M. Chareh a précisé devant la presse avoir signé l'accord à distance avec Mazloum Abdi.

Selon le président, qui a annulé une visite prévue mardi à Berlin, les détails de l'accord doivent être finalisés lors de pourparlers lundi avec M. Abdi.

La France sera présente à ces pourparlers, selon l'entourage du président Emmanuel Macron.

"Je recommande un cessez-le-feu complet", a insisté le président syrien juste après une rencontre avec l'émissaire américain pour la Syrie Tom Barrack, qui s'était entretenu la veille avec M. Abdi, à Erbil en Irak.

"Tournant décisif" 

Les Etats-Unis, qui soutiennent depuis des années les combattants kurdes syriens mais sont désormais également un allié clé de Damas, ont salué l'accord, M. Barrack parlant d'un "tournant décisif, avec d'anciens adversaires privilégiant le partenariat plutôt que la division".

Avant l'offensive de l'armée syrienne, des négociations entre le pouvoir central et les Kurdes visant à intégrer leurs institutions civiles et militaires au sein de l'Etat, aux termes d'un accord conclu en mars 2025, étaient dans l'impasse.

Dans un geste apparent de bonne volonté, le président avait accordé vendredi par décret des droits nationaux inédits aux Kurdes, reconnaissant notamment le kurde comme langue officielle. Une mesure jugée insuffisante par l'administration autonome kurde du nord de la Syrie.

Le président syrien, qui a renversé Bachar al-Assad il y a plus d'un an, a insisté dimanche sur une nécessaire "souveraineté de la Syrie sur l'ensemble de son territoire".

Reprise d'un grand champ pétrolier 

L'armée a notamment repris dimanche aux forces kurdes le plus grand champ pétrolifère de Syrie, celui d'al-Omar. Les FDS avaient pris le contrôle de ce champ après en avoir expulsé l'EI en 2017.

Pendant des années, ce site avait abrité la plus grande base de la coalition internationale antijihadiste menée par les Etats-Unis, qui a aidé les FDS à combattre l'EI, finalement défait en Syrie en 2019.

A l'aube, les FDS "se sont retirées de tous les secteurs sous leur contrôle" dans l'est de la province de Deir Ezzor, peuplée en majorité d'Arabes, dont "les champs pétrolifères de al-Omar", le plus grand du pays "et al-Tanak", selon une ONG.

La minorité kurde s'était emparée pendant la guerre civile (2011-2024) de vastes territoires du nord et du nord-est de la Syrie, incluant champs pétroliers et gaziers.

La semaine dernière, les forces gouvernementales ont délogé les combattants kurdes de quartiers d'Alep, puis les ont sommés de se retirer d'une zone située entre cette ville du nord du pays et l'Euphrate, plus à l'est.

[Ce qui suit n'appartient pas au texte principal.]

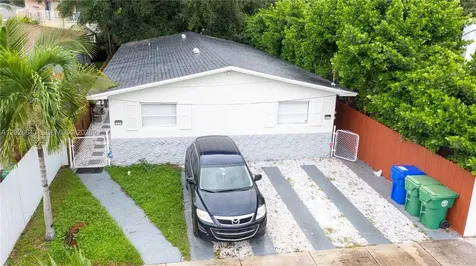 1833 NW 41st Street Miami FL 33142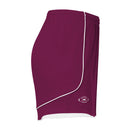 Xara Pacifica Women's Soccer Shorts-Soccer Command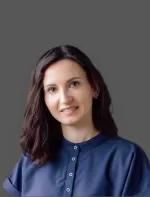 Терешина Наталья Витальевна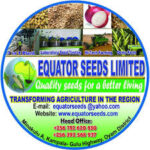 Equator Seeds Limited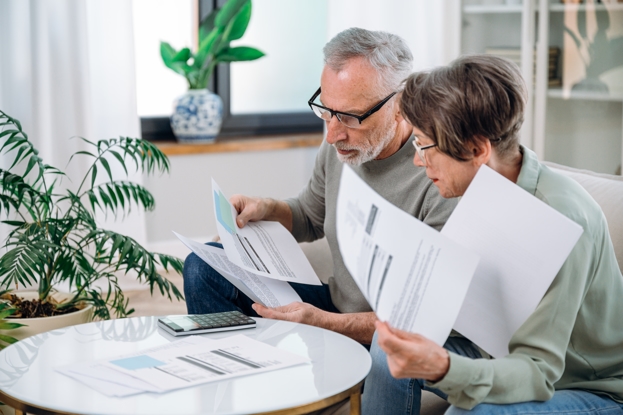 Money Smarts for Older Adults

A mesure que les forces kurdes se repliaient sans opposer de véritable résistance, les troupes gouvernementales ont progressé samedi et dimanche vers l'est, où elles ont notamment pris le contrôle de la ville de Tabqa.

Après le départ des forces kurdes, des résidents de Tabqa ont déboulonné une immense statue honorant une combattante kurde tuée en 2017 par les jihadistes de l'EI, attestent des photos de l'AFP.

L'armée a poursuivi dimanche son avancée jusqu'à Raqa, dans la province éponyme, qui était la "capitale" du groupe Etat islamique avant sa défaite et où les habitants avaient souffert des pires exactions.

Selon l'agence Sana, deux civils ont été tués dimanche à Raqa par des tirs des FDS. Le correspondant de l'AFP aux abords de la ville a entendu des tirs d'armes automatiques, et indiqué que les forces gouvernementales avaient acheminé des renforts et ratissaient des quartiers de la ville.

La minorité kurde, notamment répartie entre la Turquie, la Syrie, l'Irak et l'Iran, a souffert de décennies d'oppression en Syrie, où elle est estimée à quelque deux millions de personnes, sur 20 millions d'habitants.